Records excerpted from a collection:
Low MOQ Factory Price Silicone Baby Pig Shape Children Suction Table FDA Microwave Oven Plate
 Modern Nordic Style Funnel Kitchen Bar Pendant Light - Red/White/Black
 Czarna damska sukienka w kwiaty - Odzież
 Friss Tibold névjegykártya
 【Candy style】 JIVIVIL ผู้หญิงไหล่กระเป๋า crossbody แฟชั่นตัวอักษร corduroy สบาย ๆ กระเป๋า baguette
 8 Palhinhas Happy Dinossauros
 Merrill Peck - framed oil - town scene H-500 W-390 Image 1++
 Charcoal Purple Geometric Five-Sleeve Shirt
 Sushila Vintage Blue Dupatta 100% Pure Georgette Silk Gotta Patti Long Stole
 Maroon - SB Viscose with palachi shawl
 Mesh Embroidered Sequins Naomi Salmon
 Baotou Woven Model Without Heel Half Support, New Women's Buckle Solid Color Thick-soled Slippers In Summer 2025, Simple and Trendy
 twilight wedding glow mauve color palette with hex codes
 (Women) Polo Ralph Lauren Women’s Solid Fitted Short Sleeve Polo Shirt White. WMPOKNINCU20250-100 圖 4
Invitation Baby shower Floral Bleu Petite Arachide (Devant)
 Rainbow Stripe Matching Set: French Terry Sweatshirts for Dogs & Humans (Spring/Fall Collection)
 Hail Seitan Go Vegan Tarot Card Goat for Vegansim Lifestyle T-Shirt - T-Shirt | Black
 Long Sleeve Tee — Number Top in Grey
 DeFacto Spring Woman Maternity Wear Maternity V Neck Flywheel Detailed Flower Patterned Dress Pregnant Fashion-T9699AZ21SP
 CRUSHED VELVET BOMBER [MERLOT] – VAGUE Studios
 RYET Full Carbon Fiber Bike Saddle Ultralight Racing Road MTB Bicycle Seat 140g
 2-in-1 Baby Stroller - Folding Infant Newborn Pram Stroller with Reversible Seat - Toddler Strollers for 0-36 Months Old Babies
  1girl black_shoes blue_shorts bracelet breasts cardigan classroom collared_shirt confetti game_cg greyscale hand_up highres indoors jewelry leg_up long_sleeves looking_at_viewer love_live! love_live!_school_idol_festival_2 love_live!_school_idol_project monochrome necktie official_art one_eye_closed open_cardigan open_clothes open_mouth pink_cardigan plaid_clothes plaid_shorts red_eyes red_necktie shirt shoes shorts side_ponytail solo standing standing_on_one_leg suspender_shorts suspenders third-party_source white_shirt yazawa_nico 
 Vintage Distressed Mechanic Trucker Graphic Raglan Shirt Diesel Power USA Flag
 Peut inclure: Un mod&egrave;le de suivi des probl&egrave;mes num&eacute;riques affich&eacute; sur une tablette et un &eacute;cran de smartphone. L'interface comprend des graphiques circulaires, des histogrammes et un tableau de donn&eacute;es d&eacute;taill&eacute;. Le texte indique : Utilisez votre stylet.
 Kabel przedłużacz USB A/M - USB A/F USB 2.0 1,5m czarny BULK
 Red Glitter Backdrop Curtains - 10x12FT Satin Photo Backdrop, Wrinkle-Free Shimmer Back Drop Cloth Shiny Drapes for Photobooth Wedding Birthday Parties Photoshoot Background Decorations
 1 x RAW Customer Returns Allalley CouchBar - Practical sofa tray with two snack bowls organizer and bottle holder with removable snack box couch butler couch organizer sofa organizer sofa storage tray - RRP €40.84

• _INSTRUCTIONS FOR THE TASK_
Tell how many lines of the data above contain the word "Solid", giving the number by itself.

• _ANSWER AREA_
2